Un de ceux qui occupent mon panthéon, Yadh Ben Achour, écrivait : "les civilisations souffrent d'ignorance. L'accélération des modes de communications nous a rendu plus sourds, plus ignorants, plus étrangers les uns aux autres que jamais. L'Europe, par exemple, vit quotidiennement avec l'islam, mais la majorité de ses sujets ignorent l'histoire, les principes, les sensibilités de l'islam, sinon par des clichés faux, incongrus et parfois haineux. Les musulmans d'Europe et d'ailleurs se cloîtrent, quant à eux, dans une autarcie culturelle et religieuse étroite, entêtée, propice au développement de la haine.

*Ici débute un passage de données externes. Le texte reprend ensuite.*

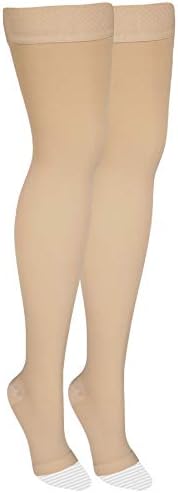 NuVein Medical Compression Stockings, 15-20 mmHg Support, Women & Men Thigh Length Hose, Open Toe, Beige, X-Large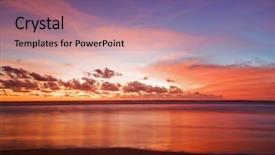  Presentation with tropical beach sunset - Colorful slides enhanced with sunset on the tropical beach backdrop and a coral colored foreground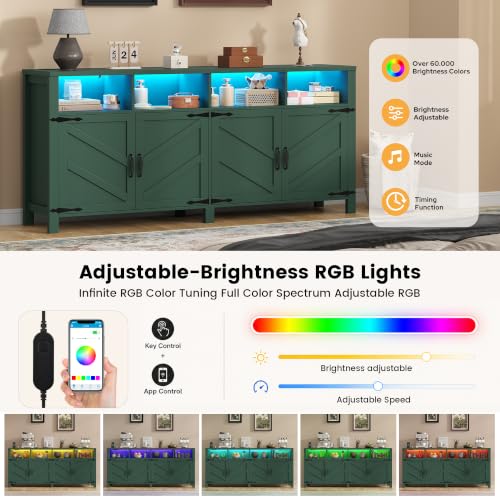 Buffet Sideboard with Storage with Power Outlets & LED Light, view 6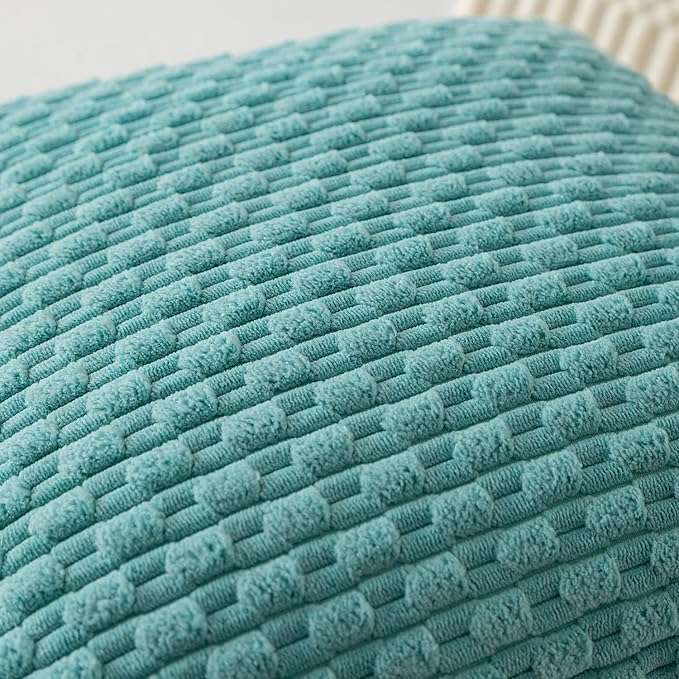 Kevin Textile Throw Pillow Covers Soft Corduroy Decorative Set of 2 Boho Striped Pillow Covers Pillowcases Farmhouse Home Decor for Couch Bed Sofa Living Room 12x20 Inch Aqua Green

Proximité sans convivialité : tel est notre présent" (Le rôle des civilisations dans le système international (droit et relations internationales), p. 313).



Quand on ne sait pas pourquoi on déteste quelqu'un, c'est qu'on est malade. En Turquie, par exemple, certains Turcs considèrent les Kurdes comme des ploucs. "Kıro", dit-on; c'est-à-dire "croquant". Les Tcherkesses, et j'en sais quelque chose, se méfient des autres ethnies. Les minorités ethniques vivent déjà dans leur bulle. En France, c'est la même chose; les clichés sur les Arabes, les Noirs, les juifs vont bon train.



Ces deux pays sont pourtant les deux endroits de la planète où le vivre-ensemble est un principe cardinal qui régit la société. Un principe vide de sens. Et inutile. La Fraternité ne se décrète pas. Or elle l'est en France. C'est un qualificatif de la République. Moi la dernière fois que je l'ai croisée, elle s'en prenait aux musulmanes. Elle leur demandait de déchirer leur voile. Au nom du vivre-ensemble. Elle est là ma définition du vivre-ensemble, pour ma part : "Je ne partage pas vos idées, mais je me battrai jusqu'à la mort pour que vous puissiez les exprimer". C'est un "daron" qui l'a dit; "eh bien garde-le ton daron, nous, nous sommes rousseauistes, coco ! Nanik"... Une loi va leur imposer de vivre comme les vraies françaises. Et il n'y aura plus de problèmes. Comme on avait fait en 2004. Les députés n'ont pas eu honte d'employer un tel argument : la loi a réglé le problème ! Je me demande vraiment ce qu'il va se passer dans ce pays quand le boisseau commencera à bougeotter...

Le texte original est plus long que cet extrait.